*WORK INSTRUCTIONS*
Print the entries below exactly as they appear, from the first line up to and including the line with "Gros plan sur". Do not print any pictures.

(Data excerpts)
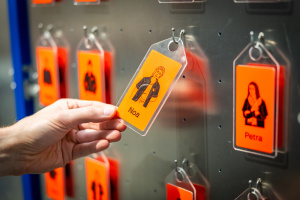 Hand hält orangefarbene Karte mit Spiel-Charakter darauf.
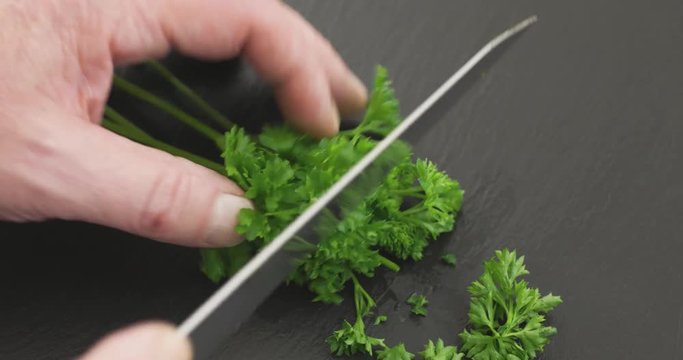 A man cutting curly parsley on a black slate stone cutting board with a large old knife.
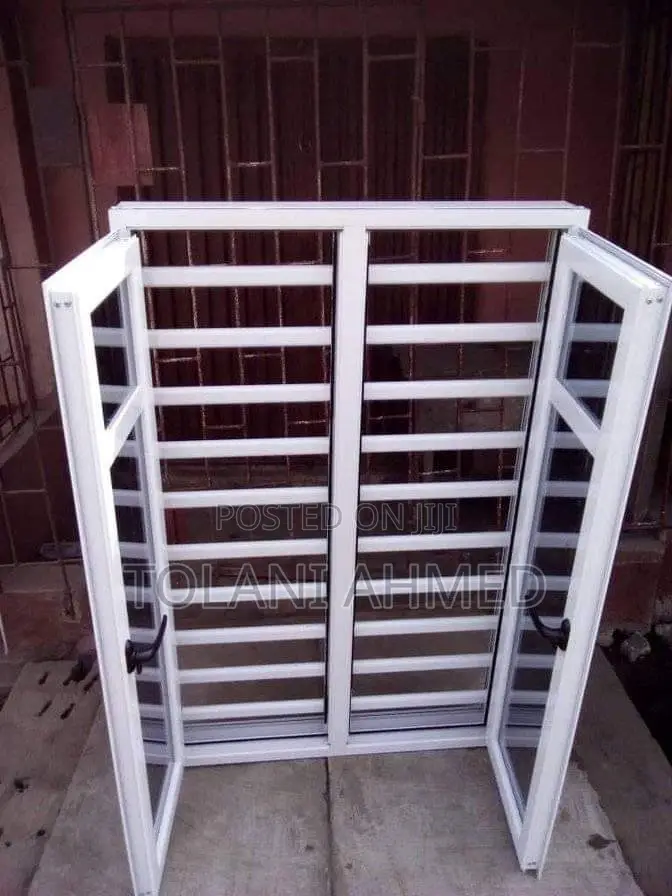 White Casement Window With Burglary and Net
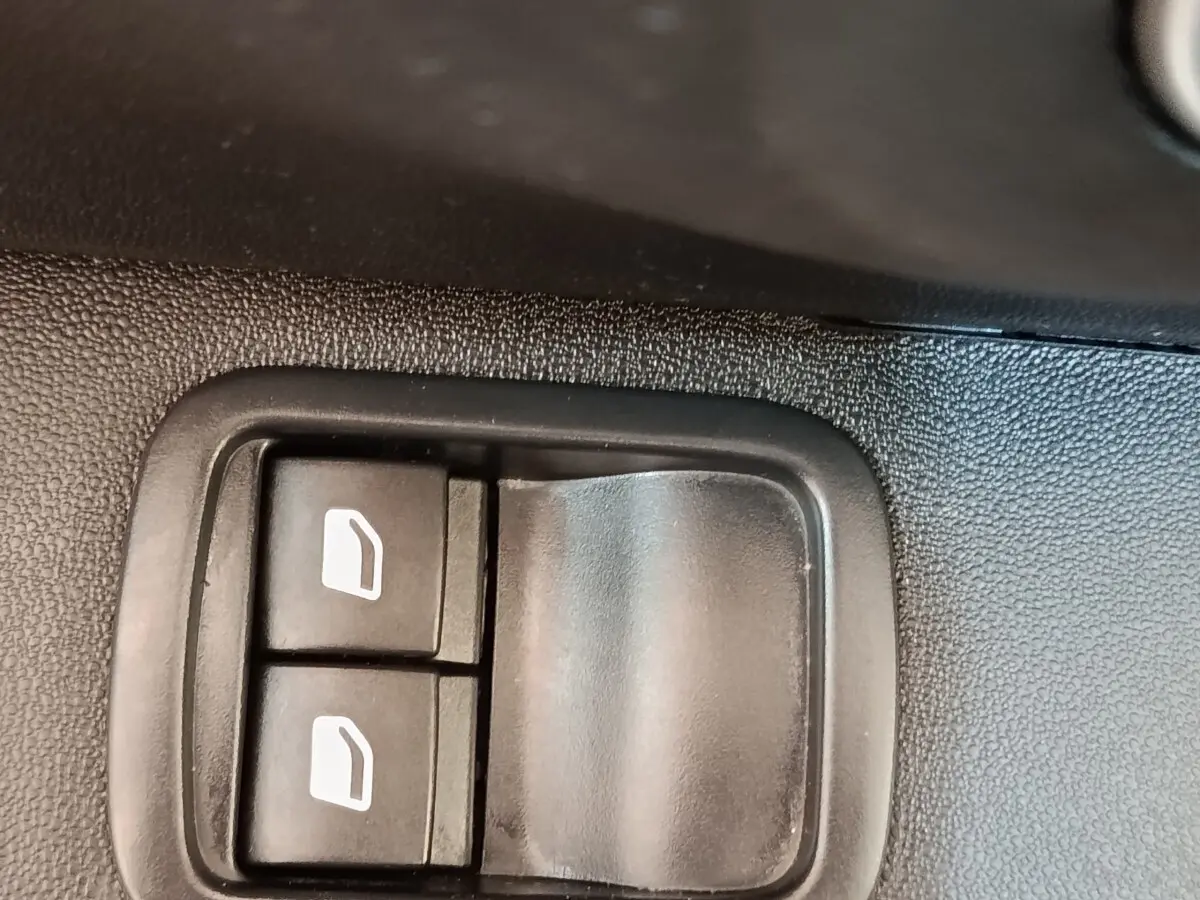 Gros plan sur les commandes des vitres électriques côté conducteur d'une Citroën C3 blanche, intérieur noir.
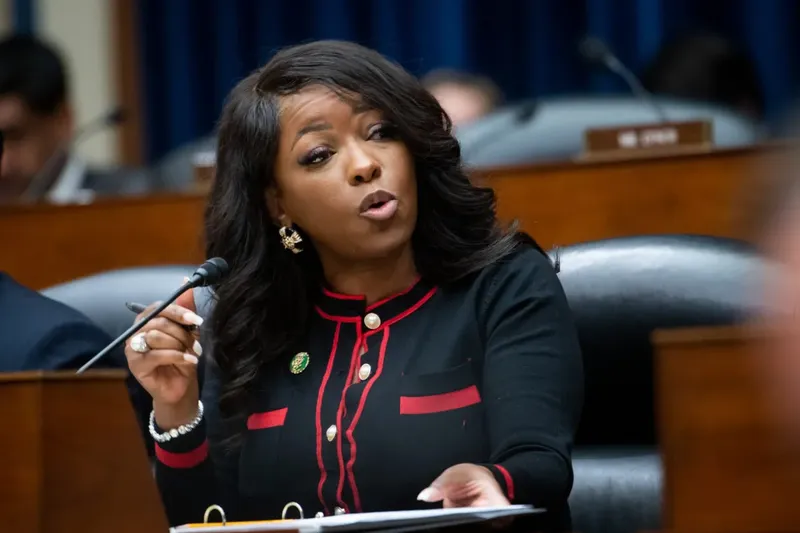 Rep. Jasmine Crockett speaks at a congressional hearing, gesturing emphatically while addressing the room.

*FINAL ANSWER*
 Hand hält orangefarbene Karte mit Spiel-Charakter darauf.
 A man cutting curly parsley on a black slate stone cutting board with a large old knife.
 White Casement Window With Burglary and Net
 Gros plan sur les commandes des vitres électriques côté conducteur d'une Citroën C3 blanche, intérieur noir.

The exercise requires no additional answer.